Figure 1. Interface to record TIME_BTN. (a) The button at the top of the HIT page can be toggled to pause/resume recording working time. (b) A black screen is rendered over the HIT at the beginning as a reminder workers to start the timer.

(b) Manual working time recording. While working on HITs, workers were asked to manually record the working time they spent on each HIT. When workers accepted HITs, a red button was shown on the project details bar located at the top of a HIT page (Figure 1a). Workers recorded times at which they paused and resumed working on microtasks by toggling the button. The two following additional features were implemented to remind workers to click the button when they start working on the HIT. First, workers were prompted with a black screen rendered over the page (Figure 1b). This screen disappeared immediately once they clicked the button. This made it less likely for workers to complete a HIT without dismissing the alert. Second, a red frame was displayed around the window while the button was in the recording state, to assist workers in recognizing the recording state. When workers interleaved HITs, (i.e., worked on multiple HIT pages in multiple tabs simultaneously, by moving back and forth), none of the HITs would record their working times simultaneously, because we assumed that perfect multi-tasking of HITs is not possible.

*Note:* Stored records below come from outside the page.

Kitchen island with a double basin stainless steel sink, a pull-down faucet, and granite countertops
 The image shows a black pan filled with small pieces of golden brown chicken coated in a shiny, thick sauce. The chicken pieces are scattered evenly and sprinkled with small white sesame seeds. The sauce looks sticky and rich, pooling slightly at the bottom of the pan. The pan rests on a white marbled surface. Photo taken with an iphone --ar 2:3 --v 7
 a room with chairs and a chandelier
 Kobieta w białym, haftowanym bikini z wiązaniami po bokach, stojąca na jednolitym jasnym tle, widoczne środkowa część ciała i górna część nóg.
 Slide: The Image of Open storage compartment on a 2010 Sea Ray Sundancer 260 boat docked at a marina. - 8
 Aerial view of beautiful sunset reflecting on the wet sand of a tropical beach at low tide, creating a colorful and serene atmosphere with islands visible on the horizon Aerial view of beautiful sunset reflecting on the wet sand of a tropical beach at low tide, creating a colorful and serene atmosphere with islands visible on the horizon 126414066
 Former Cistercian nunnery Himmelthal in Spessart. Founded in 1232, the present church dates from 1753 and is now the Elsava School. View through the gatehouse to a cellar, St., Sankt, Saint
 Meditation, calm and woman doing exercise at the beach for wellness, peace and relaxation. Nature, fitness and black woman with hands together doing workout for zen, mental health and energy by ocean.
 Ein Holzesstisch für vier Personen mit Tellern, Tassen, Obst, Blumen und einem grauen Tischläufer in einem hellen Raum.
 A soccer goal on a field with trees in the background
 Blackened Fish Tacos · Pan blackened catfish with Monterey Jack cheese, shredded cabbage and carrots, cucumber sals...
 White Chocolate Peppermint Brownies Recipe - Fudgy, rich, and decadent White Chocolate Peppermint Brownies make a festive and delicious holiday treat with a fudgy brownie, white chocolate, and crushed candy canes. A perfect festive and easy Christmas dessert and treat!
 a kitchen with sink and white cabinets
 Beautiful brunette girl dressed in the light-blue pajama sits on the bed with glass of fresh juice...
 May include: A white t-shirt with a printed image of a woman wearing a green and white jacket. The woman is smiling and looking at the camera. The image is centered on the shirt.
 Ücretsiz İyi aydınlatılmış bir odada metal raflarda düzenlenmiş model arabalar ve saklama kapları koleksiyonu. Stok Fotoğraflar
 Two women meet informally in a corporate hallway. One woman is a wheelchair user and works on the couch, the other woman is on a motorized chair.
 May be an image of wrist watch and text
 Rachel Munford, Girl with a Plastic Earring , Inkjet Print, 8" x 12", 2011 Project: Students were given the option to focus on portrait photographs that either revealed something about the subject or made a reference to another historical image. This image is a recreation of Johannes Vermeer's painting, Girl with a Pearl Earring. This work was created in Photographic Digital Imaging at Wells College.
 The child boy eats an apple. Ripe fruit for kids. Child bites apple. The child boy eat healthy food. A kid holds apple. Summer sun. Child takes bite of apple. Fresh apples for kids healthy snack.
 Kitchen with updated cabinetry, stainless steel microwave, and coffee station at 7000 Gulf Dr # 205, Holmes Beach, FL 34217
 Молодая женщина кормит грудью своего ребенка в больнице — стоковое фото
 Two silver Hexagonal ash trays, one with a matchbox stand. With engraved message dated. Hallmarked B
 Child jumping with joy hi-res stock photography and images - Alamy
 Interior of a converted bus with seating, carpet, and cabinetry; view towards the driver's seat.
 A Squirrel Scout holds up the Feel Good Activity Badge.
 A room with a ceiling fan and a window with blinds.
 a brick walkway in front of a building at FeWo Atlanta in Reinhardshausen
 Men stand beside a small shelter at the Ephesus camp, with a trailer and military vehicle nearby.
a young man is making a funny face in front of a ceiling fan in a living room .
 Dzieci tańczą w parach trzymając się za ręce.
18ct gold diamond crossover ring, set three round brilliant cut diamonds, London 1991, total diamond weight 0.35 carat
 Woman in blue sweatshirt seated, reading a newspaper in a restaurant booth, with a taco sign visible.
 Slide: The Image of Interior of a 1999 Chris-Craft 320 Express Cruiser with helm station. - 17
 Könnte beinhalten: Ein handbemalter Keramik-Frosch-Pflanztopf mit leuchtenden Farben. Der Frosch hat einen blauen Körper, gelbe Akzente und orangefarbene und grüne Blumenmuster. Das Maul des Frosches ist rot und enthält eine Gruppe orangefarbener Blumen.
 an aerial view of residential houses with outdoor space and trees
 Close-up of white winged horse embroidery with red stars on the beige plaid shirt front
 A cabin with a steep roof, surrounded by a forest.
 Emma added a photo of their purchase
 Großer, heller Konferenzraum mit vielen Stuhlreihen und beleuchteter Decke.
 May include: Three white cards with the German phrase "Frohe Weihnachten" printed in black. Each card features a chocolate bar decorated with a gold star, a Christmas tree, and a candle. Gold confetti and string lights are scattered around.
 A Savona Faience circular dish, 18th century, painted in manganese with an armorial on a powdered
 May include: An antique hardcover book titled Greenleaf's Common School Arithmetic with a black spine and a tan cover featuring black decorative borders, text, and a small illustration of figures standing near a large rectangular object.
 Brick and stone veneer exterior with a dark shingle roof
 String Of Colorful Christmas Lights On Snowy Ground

(c) Post-HIT survey. As soon as workers submitted a HIT, they were prompted with a ”Post-HIT survey” in a popup window and they were asked to select the most accurate working time from the various methods with which to label HIT records. The survey suggested four options for the HIT working time: TIME_ALL, TIME_FOCUS, TIME_BTN, and TIME_CUSTOM (see Section 3.1 for details). Workers were required to input working time, in the form of X minutes and X seconds, only when they chose TIME_CUSTOM. The pop up window disappeared immediately after workers submitted their choices by clicking a “Submit” button.

3.3. Data Description

Data collection was conducted for 10 days during late October 2018. Our task dataset consisted of 9,155 HIT submission records collected by 84 unique workers. The recorded HITs belonged to 1,641 unique HIT groups, posted by 998 unique requesters. On average, workers contributed for 6.5 days (SD = 3.5; Median = 8.1) and worked on 109 HITs (Min = 1; Max = 1,958; SD = 238.1; Median = 34).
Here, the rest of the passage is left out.